卡倫嘆了口氣,按住艾拉的肩膀,對魏嵐說:“先生,讓您見笑了。這孩子從小就……” 他頓了頓,似乎在斟酌詞句,“…… 活得不容易。”
他定了定神,沉聲道:“正如艾拉所說,我們確實沒甚麼可以報答您的。但您的恩情,我卡倫記在心裡。既然您救了我們,有些事也瞞不住。
“我曾是北邊群島聖光教會的守衛,負責看守教會地下的秘密實驗室。他們一直在研究所謂的‘完美戰士’,想造出能駕馭多種力量的武器。艾拉就是他們最成功的實驗體。” 卡倫的聲音壓得更低,“教會高層嘴上說著淨化邪惡,暗地裡卻抓了許多孩子做實驗,用禁術強行融合不同屬性的魔法源力。
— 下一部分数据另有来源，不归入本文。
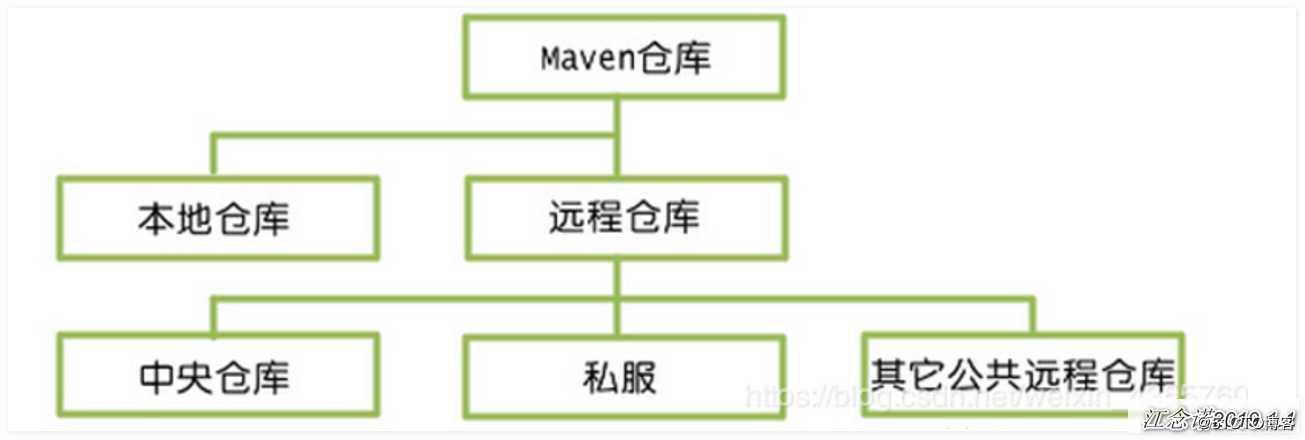 部署Maven与Nexus（私服）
“別的孩子要麼撐不住死了,要麼徹底瘋了,只有艾拉…… 她不僅活了下來,還能像呼吸一樣自然地調動那些力量。” 他看向艾拉的眼神裡帶著疼惜,“五年前他們要給她植入‘控制核心’,讓她徹底變成聽話的兵器,我實在忍不下去,就帶著她逃了出來。”
“教會的審判隊追了我們五年,從冰封的群島一直追到這座海峽。他們對外說我們是叛教者和失控的魔物,懸賞我們的人頭。” 卡倫苦笑一聲,“要不是艾拉總能用那些教會教她的本事擺脫追兵,我們根本活不到今天。”
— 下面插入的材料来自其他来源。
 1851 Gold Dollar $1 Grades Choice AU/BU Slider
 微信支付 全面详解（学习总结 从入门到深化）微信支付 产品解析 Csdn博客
艾拉聽到這裡,撇了撇嘴,看了一眼魏嵐,又補充道:“我們現在確實很狼狽,但如果你能讓我們在這兒躲幾天,我可以把那塊從審判隊長身上摸來的魔晶給你,品質還不錯。而且……” 她壓低了聲音,“等風頭過了,我可以告訴你一個教會藏東西的地方,那裡的寶貝應該夠你換好幾座這樣的酒館了。”
卡倫臉色一急:“艾拉!”
艾拉卻只是看了他一眼,沒再說話。